В моменте преображения, потенциально всеобщем, утверждается природа каждой вещи, разделяется возвышенное и низменное, истинное и ложное, вообще утверждается бытие мира в его неисчерпаемом разнообразии. И неслучайно театр Цзиньского святилища имеет три сцены, на которых разыгрывались одновременно три разных действия. Настоящее отражение и его нравственный суд постоянно множат образы реальности, но, как ни странно, не для того, чтобы скрыть правду, а, наоборот, чтобы внести правду в мир.

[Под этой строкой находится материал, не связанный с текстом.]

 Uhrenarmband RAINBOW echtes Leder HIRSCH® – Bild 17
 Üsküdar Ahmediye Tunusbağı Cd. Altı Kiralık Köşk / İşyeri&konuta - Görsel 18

Что такое эта сфера «единого сердца Неба и Земли», вмещающая и природный, и человеческий мир и составляющая незримый стержень времени, в котором «правда сердца» снова и снова возвращается в жизнь усилием самопревосхождения духа? Не что иное, как родовое тело человечества – цельное и полное в своем рассеянии, снимающее физические расстояния без упразднения этической дистанции, так что просветленное сердце способно открыть в каждом существе своего ближнего. Театр – форма аскезы этого надвременного или, если угодно, всевременного тела. Характеристика этого азиатского Левиафана, высказанная мной десять лет тому назад, и сегодня кажется мне точной:
Нужно бы добавить, что это тело есть настоящий «колодец времен», в котором мы приникаем к самой седой древности, к моменту рождения мира. А встреча мировых полюсов может быть вполне наглядно-природной: у храма Святой Матери еще стоит на подпорках древний кипарис, на одной стороне которого есть углубление, напоминающее вульву, а на другой – нарост, похожий на фаллос. Оба деликатных места отполированы до блеска прикосновениями людей многих поколений, моливших о чадородии.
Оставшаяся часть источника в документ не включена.